As the year draws to a close and President Tsai Ing-wen (蔡英文) prepares for her next two years in office, it remains important for Taiwanese to continue to take stock of the nation’s progress in democracy, and to observe and review the changing narratives that have accompanied it.

Taiwan’s democratic progress can be framed into three distinct stages. Each stage in turn has had key events that impacted and shaped its direction.

The first stage, from 1945 to 1987, was the one-party state rule of the Chinese Nationalist Party (KMT). That stage includes the initial exploitation of the island, and the period of White Terror and martial law.

It can further be divided into two phases, that of Chiang Kai-shek (蔣介石) from 1945 until his death in April 1975 and that of Chiang Ching-kuo (蔣經國) from 1975 until his death in January 1988.

In the Chiang Kai-shek phase, as the KMT fought the Chinese Communist Party in the Chinese Civil War, the island was denuded of rice, steel and anything else that might help the KMT in its losing effort. When the KMT finally lost the war in 1949, many fled to Taiwan and proclaimed rule over the island.
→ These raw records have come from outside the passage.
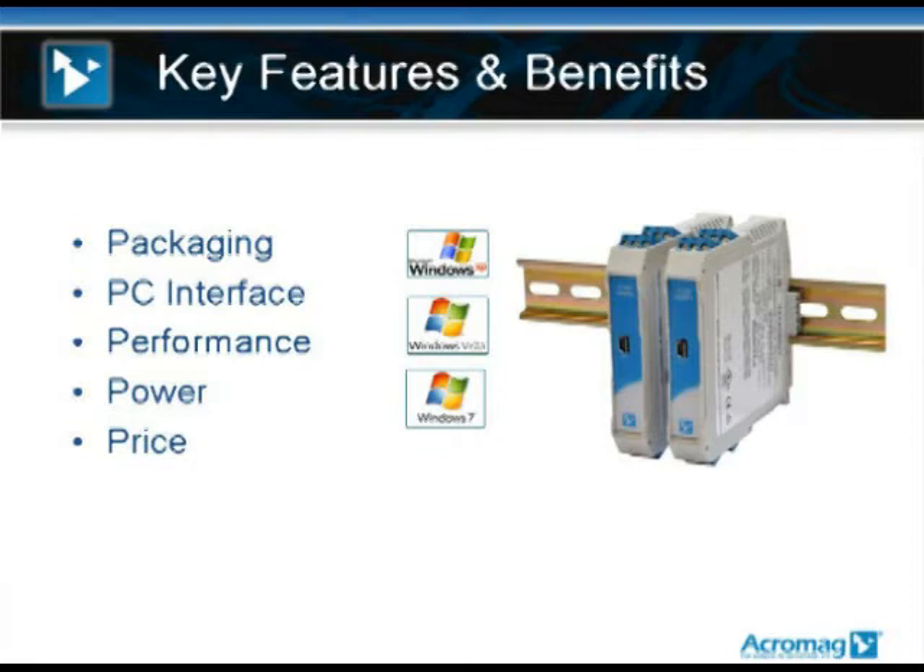On the PC side, this works with your Windows-based PC running Windows XP, Vista, 7, and even Windows 8. These products are very high performance, high accuracy, and high stability. They operate from minus 40 to 80 degrees C. They have Class 1 Division 2 hazardous locations approvals. They're designed for the process market, the automation market, and also for R&D lab use in test and measurement. They're powered from 12 to 32 volts DC and the starting price is $220.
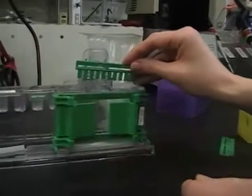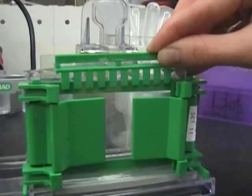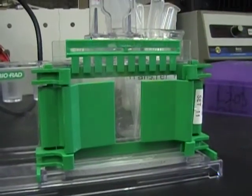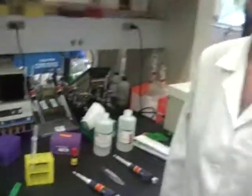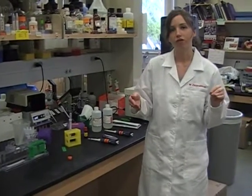Once all your air bubbles are done, you can go ahead and put the green comb in. Double check for any air bubbles that remain. If there are no air bubbles, you can go ahead and let your gel dry. It'll take about 45 minutes for the gel to fully polymerize. If you plan on using it right away, you can go ahead. But if you want to store it, just take a little Ziploc bag, put about one milliliter of running buffer in the solution, Ziploc seal it, and put it in the fridge until you're ready to use it.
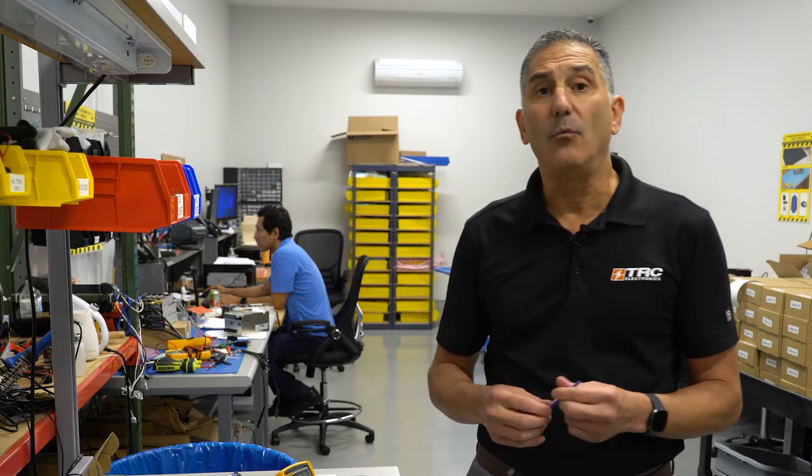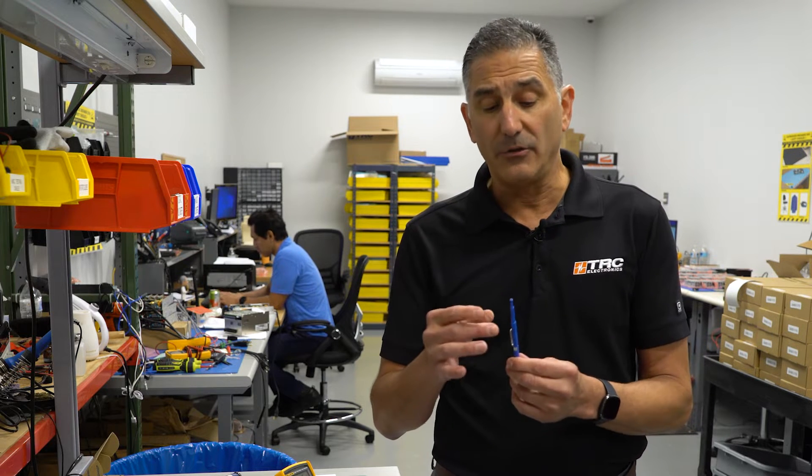Now at TRC, when we're adjusting power supplies, we use this voltage adjustment tool. This is available in just about any electronics distribution center. It's a very inexpensive tool, and you'll notice that it has a small little tip to allow you to insert it into the proper potentiometer.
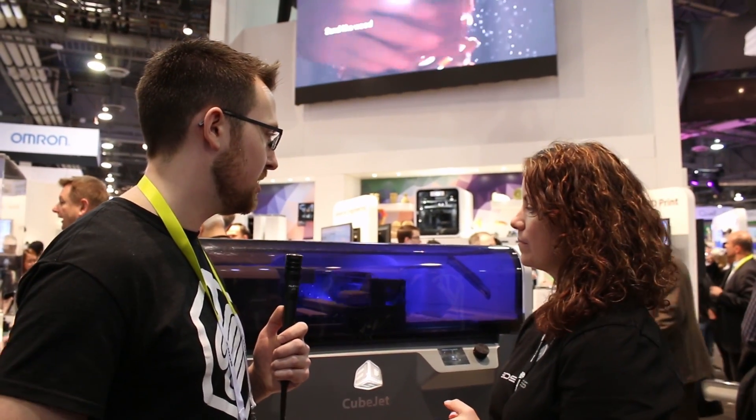What is the approximate build volume on this printer? This one is 150 millimeters by 200 by 150 — so approximately 6 by 8 by 6 inches.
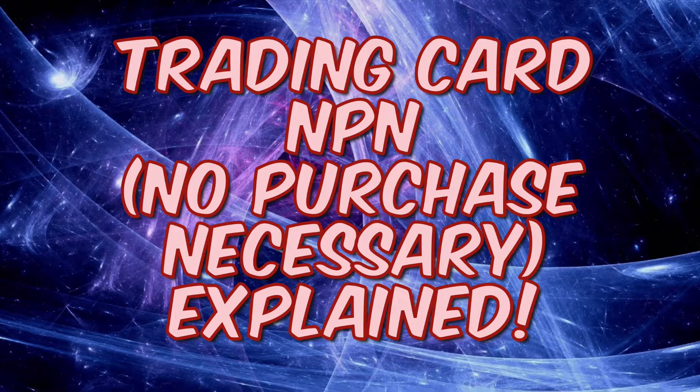Hello everybody, Way Back Sports Cards here, and we're doing a special video to explain what an NPN is when it comes to trading cards. I'll explain what it is, how you can use it to get free cards, what the process is to make sure you get cards and aren't disqualified, and also where you can find offers online and the information on how to enter.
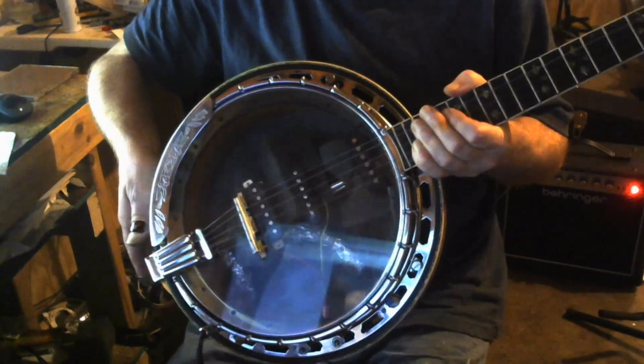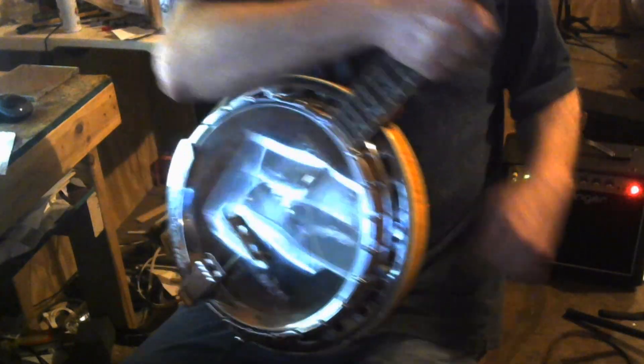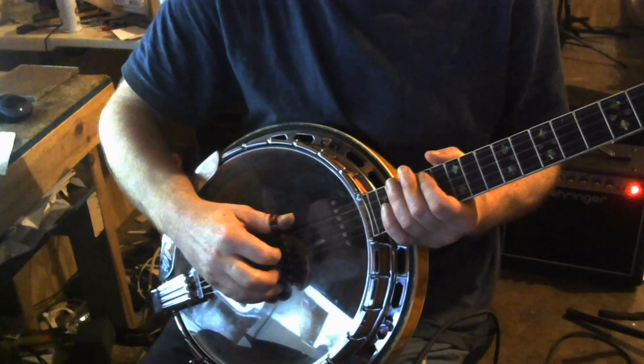I have got the resonator — hang on, let me get the cord out of the way. I got the resonator installed back on. I had to do a little bit of trimming on the inside of it to get everything to fit.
Whether the communists could have pursued them like they did those that fled to Hainan is a debatable point. That possibility was eliminated when Mao Zedong (毛澤東) decided to enter the ongoing war on the Korean Peninsula and then-US president Harry Truman put the US’ Seventh Fleet in the Taiwan Strait.

The 1951 San Francisco Peace Treaty marked the “official end” of World War II, but it did not give Taiwan to the KMT and Chiang or Mao; Taiwan’s status was left undetermined.
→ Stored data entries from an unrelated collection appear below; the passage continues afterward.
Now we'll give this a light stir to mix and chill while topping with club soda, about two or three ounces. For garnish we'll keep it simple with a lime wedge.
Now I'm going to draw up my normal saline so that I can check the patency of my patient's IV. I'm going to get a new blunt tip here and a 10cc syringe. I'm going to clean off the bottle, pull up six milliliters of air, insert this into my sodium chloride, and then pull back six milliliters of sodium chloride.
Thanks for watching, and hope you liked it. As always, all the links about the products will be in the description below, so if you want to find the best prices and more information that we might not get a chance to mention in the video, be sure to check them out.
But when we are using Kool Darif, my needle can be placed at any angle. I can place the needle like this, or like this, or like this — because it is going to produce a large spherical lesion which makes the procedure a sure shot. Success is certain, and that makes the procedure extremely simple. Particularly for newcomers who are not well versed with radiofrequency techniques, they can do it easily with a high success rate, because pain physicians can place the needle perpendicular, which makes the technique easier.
In turn, a more definitive blow to KMT dreams of a return to China happened later when the Republic of China (ROC) was cast out of the UN on Oct. 25, 1971.

With UN General Assembly Resolution 2758, the UN clearly recognized the People’s Republic of China as the only legitimate representative of China and voted “to expel forthwith the representatives of Chiang Kai-shek from the place which they unlawfully occupy at the United Nations and in all the organizations related to it.” Taiwan, then under martial law, remained in its “undetermined” status.

In the Chiang Ching-kuo phase, the KMT’s hopes for an ROC suffered a further blow, but not for Taiwan. The US extended its belated support for Resolution 2758 and moved its embassy from Taiwan to Beijing on Jan. 1, 1979.

Nonetheless, in keeping with Taiwan’s undetermined status, the US also immediately created the Taiwan Relations Act (TRA) and set up the American Institute in Taiwan. The TRA recognized matters with these words, stating that the US terminated relations with “the governing authorities on Taiwan recognized by the United States as the Republic of China prior to January 1, 1979.” The ROC was finally and officially dead as far as the US was concerned.

In December of the same year, Taiwanese who were dangwai (黨外, “outside the party”) followed with human rights protests and promoted democracy in the Kaohsiung Incident.

Chiang Ching-kuo would finally lift martial law in July 1987, ending stage one. Upon his death on Jan. 13, 1988, his Taiwanese vice president, Lee Teng-hui (李登輝), took over to guide Taiwan through its transition stage to full democracy. The Democratic Progressive Party (DPP), formed in 1986, would soon become visibly active in politics.